** Data extract follows **

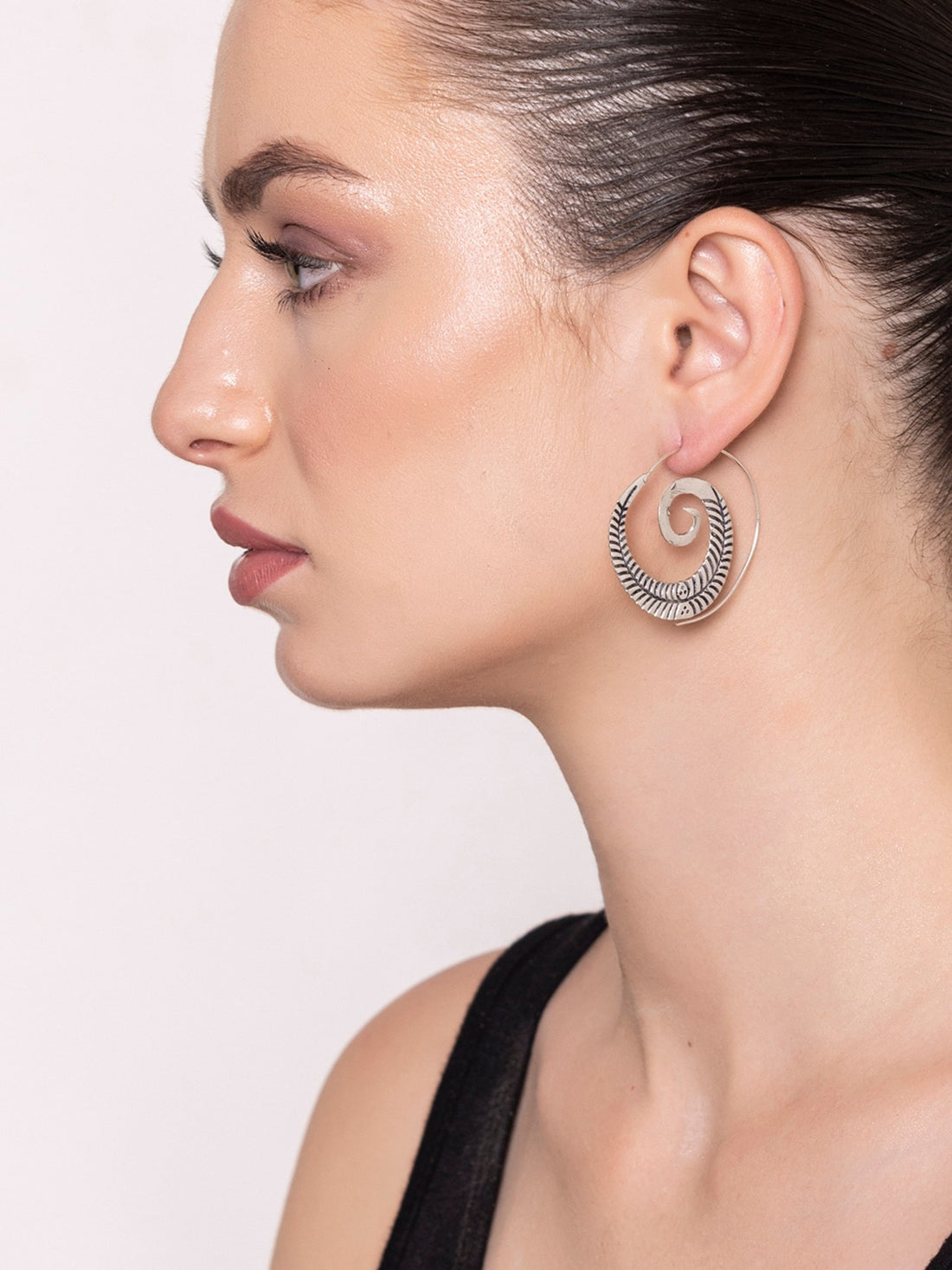 Daily Wear Hoops Earrings - Western Silver-Plated Brass Earrings By Studio One Love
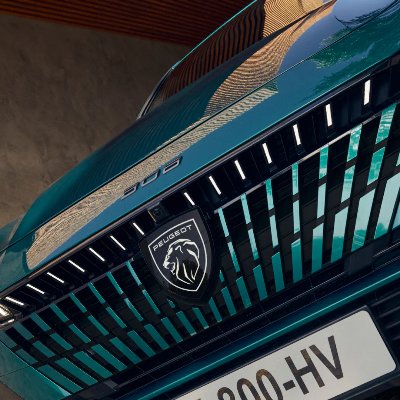 Close-up of a teal Peugeot 308 front grille and logo.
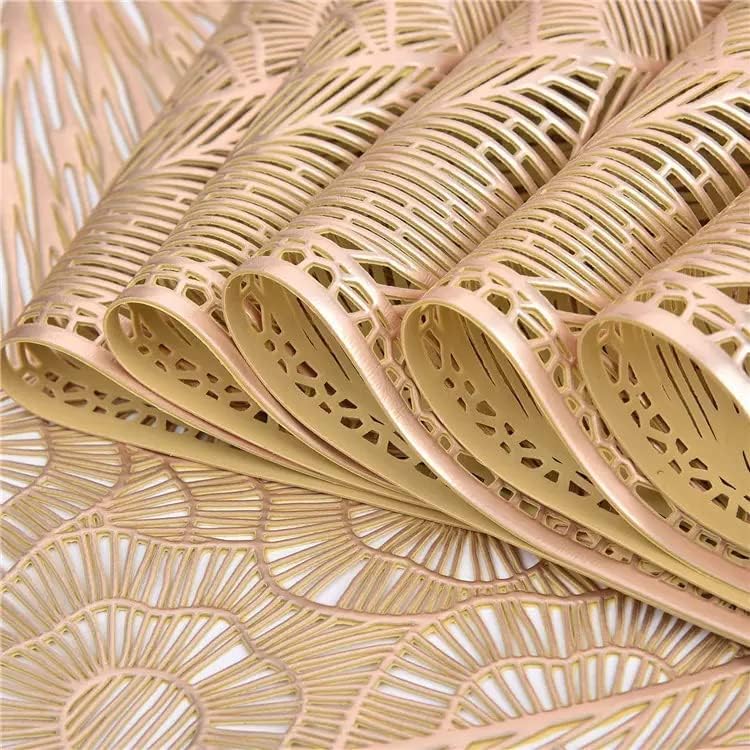 click2shop click2shop Washable PVC Vinyl Metallic Placemats NonSlip Golden Silver Table Mats for Dining Table Decoration Elegant Rectangle Flower Design Pack of 1 Golden  - Image 3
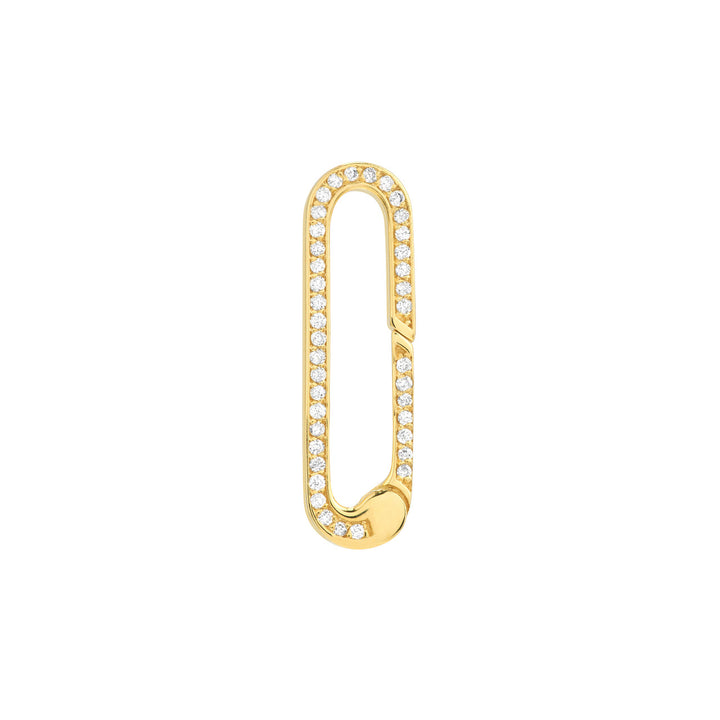 14K Yellow Gold Diamond Paper Clip Push Lock Connector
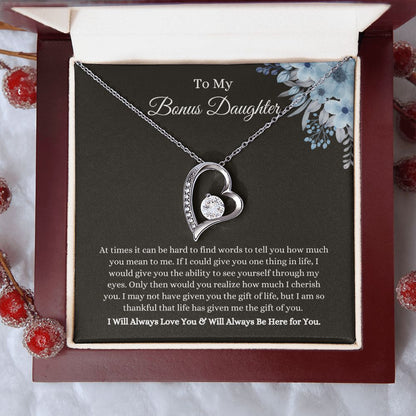 To My Bonus Daughter | Forever Love Necklace 14k White Gold Finish / Luxury Box Helenity Gift Shop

** End of Data extract **

_Task description_:
Each line from the one with "Close-up of a" through the final line of the records must be copied exactly, with no pictures and no additional lines.

_Answer area_:
 Close-up of a teal Peugeot 308 front grille and logo.
 click2shop click2shop Washable PVC Vinyl Metallic Placemats NonSlip Golden Silver Table Mats for Dining Table Decoration Elegant Rectangle Flower Design Pack of 1 Golden  - Image 3
 14K Yellow Gold Diamond Paper Clip Push Lock Connector
 To My Bonus Daughter | Forever Love Necklace 14k White Gold Finish / Luxury Box Helenity Gift Shop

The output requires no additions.